“Cultura de matchundadi” na Guiné-Bissau não é modelo da democracia

Arquivo: Deputada Joacine Katar no parlamento português.

Da Redação
Com Lusa

A historiadora e deputada em Portugal. Joacine Katar Moreira, defende que a “cultura de matchundadi”, que é a exacerbação da masculinidade, domina a sociedade, a política e as instituições da Guiné-Bissau e não é um modelo da democracia, defende na sua tese de sobre a guineense.

Na sua tese de doutoramento, publicada na semana passada e denominada “A cultura di matchundadi na Guiné-Bissau: gênero, violências e instabilidade política”, a historiadora, nascida naquele país da África Ocidental, tenta explicar a forma como a masculinidade hegemônica impede o normal funcionamento do Estado.

Joacine referiu que na Guiné-Bissau a “cultura da matchundadi” é uma maneira de se “olhar para o universo das relações sociais e políticas” onde “imperam absolutamente os valores relacionados com os homens, com o masculino e a masculinidade”.

“Estes valores são os que estão relacionados com o entendimento dos homens como um elemento hierárquico comparativamente com a mulher, enquanto elemento que tem apetência natural para ocupar e liderar institucionalmente”, incluindo na família, religião, política e economia, disse.

Para se afirmar, segundo a tese da historiadora, a “cultura da matchundadi” usa a “violência nas suas várias dimensões”, a “centralização do poder como modo de liderança e de governação”, o “mimetismo político”, e a “impunidade, que consiste na subversão total do sistema de justiça e que garante a supremacia de certos grupos ou indivíduos face a outros”.

A “cultura de matchundadi” está também relacionada com uma competição permanente, que é levada para o exercício do poder e para as instituições do Estado, onde os adversários políticos são olhados como inimigos, “como um alvo a abater”, explicou a também deputada.

“O excessivo ambiente de competição permanente origina a que os indivíduos entrem numa lógica de absoluta violência, a violência necessária com base nas masculinidades hegemônicas, que originará que ele tome o poder”, afirmou.

Mas, acrescentou a historiadora, após a tomada de poder, o homem “precisa de aumentar o nível de violência e de intimidação, porque haverá uma série de ‘matchus’ que estarão a arquitetar e a organizar-se para lhe retirar o poder”.

Desde o início do multipartidarismo e até hoje, “não é ironia nenhuma o facto de nenhum executivo ter concluído quatro anos de mandato”, disse.
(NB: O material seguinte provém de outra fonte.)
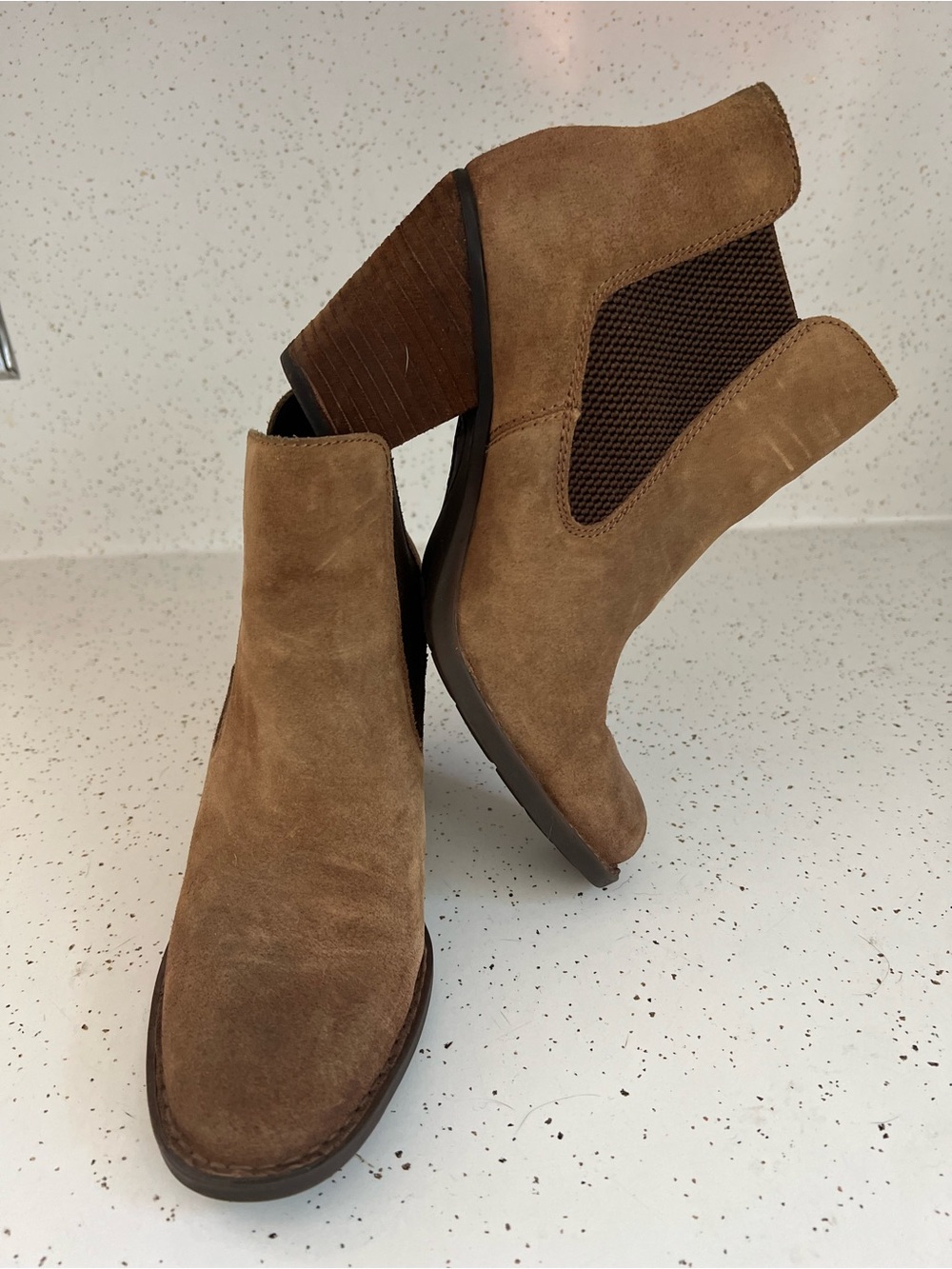 Born Suede Chelsea Booties in Brown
“E o único Presidente da República em regime de multipartidarismo que recentemente concluiu o mandato foi ignorando toda a sociedade civil, afirmando-se, até indo contra as instituições democráticas e os resultados democráticos para impor a sua ótica e a sua agenda política”, salientou, referindo-se a José Mário Vaz, que terminou mandato no início deste ano.

Joacine Katar Moreira explicou que a “cultura de matchundadi” é também caracterizada pela capacidade e responsabilidade de redistribuição de recursos.

Quanto mais influência e poder o indivíduo tem, mais capacidade tem de redistribuir recursos, mas para manter esse poder e influência necessita de os distribuir.

“Este é um dos elementos que é um entrave sucessivo ao desenvolvimento do país. Na qual os indivíduos em vez de servirem o Estado, servem-se do Estado”, disse.

“O que normalmente digo, não há necessariamente, como muitos especialistas dizem, uma luta pelo poder na Guiné-Bissau, o que há é uma luta pelo acesso aos recursos. Se fosse uma luta política ela precisaria de ser uma luta ideológica e ela não é”, acrescentou.

A historiadora e deputada portuguesa salienta que é a “cultura de matchundadi” que unifica os conflitos militares, narcoestado, questões étnicas e o que tudo está relacionado com o acesso aos recursos.

“Numa determinada época, o que está em causa são os recursos que estão a ser gerados pelo tráfico de droga, mas é o recurso, o acesso ao recurso, o controlo do recurso, de vez em quando são até as disputas étnicas e religiosas, mas enquanto instrumento de ‘acesso a’ e nunca enquanto elemento fundamental”, afirmou.

Para a historiadora, enquanto não houver um modelo de referência que também funcione, a manutenção e o exercício do poder vai ser aquele.

“É um modelo que não é da democracia, do multipartidarismo, nem do partido único”, afirmou.